The data generally shows California and Hawaii as outliers in their results, showing declines significantly less than the national average, despite having the strictest school closure policies in the country.

This implies the limits of the close link between student performance and school closures. One factor is the effort that some states, including California, have put into recovery programs during the pandemic and after it abated. The state provided nearly $24 billion for tutoring, extended summer school, and other educational assistance.

One trend that cannot be ignored is the persistent underperformance of Black, Hispanic, low-income, and other historically underserved students. As reported by The Times, 84% of black students and 79% of Latino and low-income students did not meet state math standards in 2022, a larger deficit than that of white students or the student population as a whole.

The NAEP results show that the gap between white students and black, Hispanic and low-income students has widened during the pandemic.

The pandemic-era record should not hide the fact that performance in American education was dismal even before the pandemic. Nationwide, about a third of students met competency standards in math and reading in 2019.

There is little evidence that reforms such as charter schools are an answer; Average scores in math, reading and science in charter schools are worse than in conventional public schools, according to the NAEP report card, and the gap widens from fourth grade through eighth grade to 12th grade.

Another trend that has intensified since the emergence of the pandemic is the pressure on teachers, who have left the profession by the hundreds of thousands.

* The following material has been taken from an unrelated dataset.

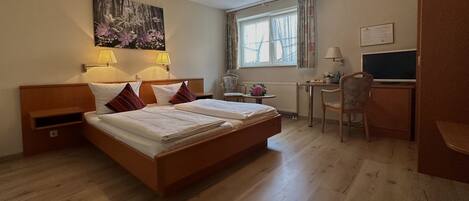 A hotel room with a double bed, two bedside lamps, a desk with a chair, a window with curtains, and a wall-mounted TV.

Usually underpaid for the importance society places on their role in preparing American youth for adulthood, teachers in some states are facing increased scrutiny of their teaching methods and curriculum.

This is particularly notable in the Red States, where conservatives have tried to make issues like “critical race theory” and gender studies too partisan.

As recently as Monday, during a debate with his Democratic opponent Charlie Crist, DeSantis took a stab at how history is taught in public schools and called for “accurate history” — essentially ignoring the racial elements of America’s founding.

Adding political litmus tests to public school instruction or boasting about pandemic policies that may or may not have had something to do with student achievement will not solve America’s persistent lack of education.

They will only worsen the educational environment for students and teachers alike. That’s the path we’re on.